(Collected data)

[Start of Attachment]

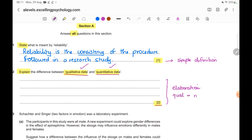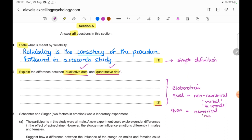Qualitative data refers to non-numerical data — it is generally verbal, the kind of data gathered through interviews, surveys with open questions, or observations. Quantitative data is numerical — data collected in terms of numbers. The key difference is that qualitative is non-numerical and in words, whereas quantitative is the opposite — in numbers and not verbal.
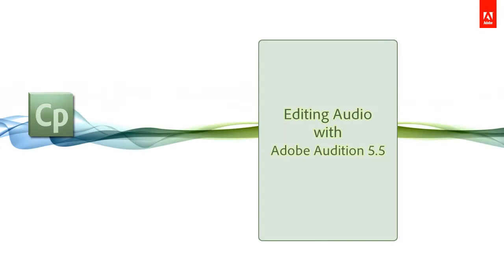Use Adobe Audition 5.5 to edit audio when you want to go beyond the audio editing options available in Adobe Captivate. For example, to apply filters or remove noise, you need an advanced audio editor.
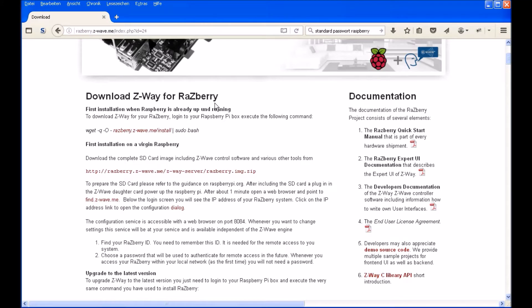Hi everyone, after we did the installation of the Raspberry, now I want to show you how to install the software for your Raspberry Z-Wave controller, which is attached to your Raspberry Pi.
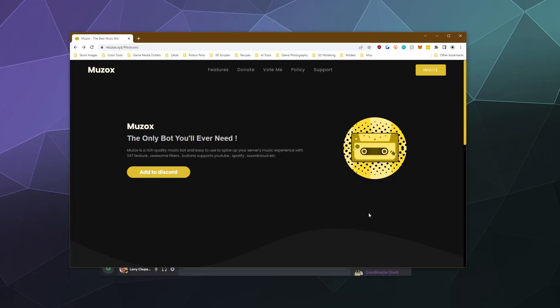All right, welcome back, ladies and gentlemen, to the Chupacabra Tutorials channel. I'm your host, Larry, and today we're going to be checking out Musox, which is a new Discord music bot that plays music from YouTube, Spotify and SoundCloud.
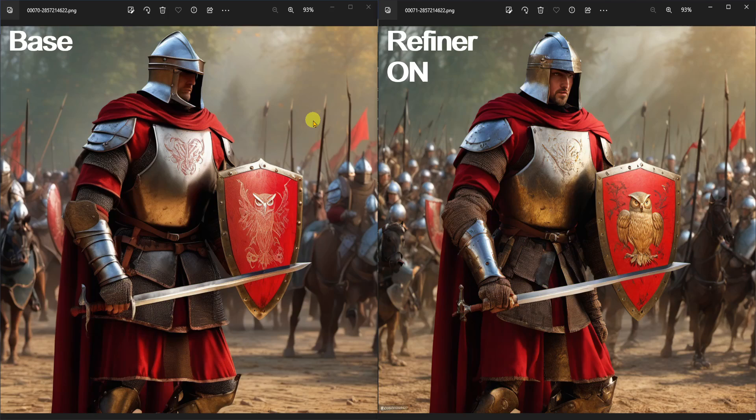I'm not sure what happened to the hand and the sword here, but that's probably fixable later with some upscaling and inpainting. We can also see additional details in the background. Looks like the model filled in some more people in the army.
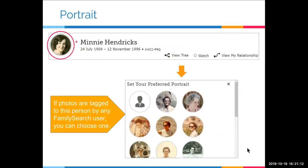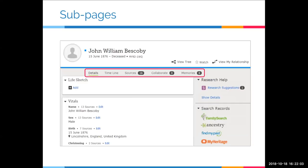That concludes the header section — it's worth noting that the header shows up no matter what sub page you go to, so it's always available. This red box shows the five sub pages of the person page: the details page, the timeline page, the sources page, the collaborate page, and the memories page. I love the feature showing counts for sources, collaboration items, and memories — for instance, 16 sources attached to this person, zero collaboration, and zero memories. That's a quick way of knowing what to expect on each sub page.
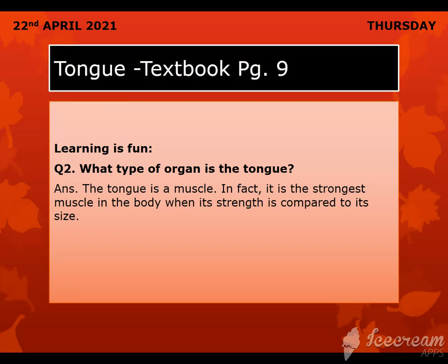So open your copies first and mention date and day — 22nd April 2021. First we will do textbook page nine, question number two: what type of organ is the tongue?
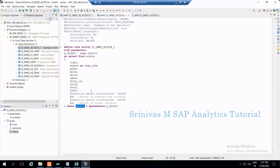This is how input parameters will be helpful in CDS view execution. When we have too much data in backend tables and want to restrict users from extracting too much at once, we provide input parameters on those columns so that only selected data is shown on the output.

[End of Attachment]

The response must match the data line for line, from its first line through the line with "Use Adobe Audition", inclusive, and must leave out the pictures.

Qualitative data refers to non-numerical data — it is generally verbal, the kind of data gathered through interviews, surveys with open questions, or observations. Quantitative data is numerical — data collected in terms of numbers. The key difference is that qualitative is non-numerical and in words, whereas quantitative is the opposite — in numbers and not verbal.
Use Adobe Audition 5.5 to edit audio when you want to go beyond the audio editing options available in Adobe Captivate. For example, to apply filters or remove noise, you need an advanced audio editor.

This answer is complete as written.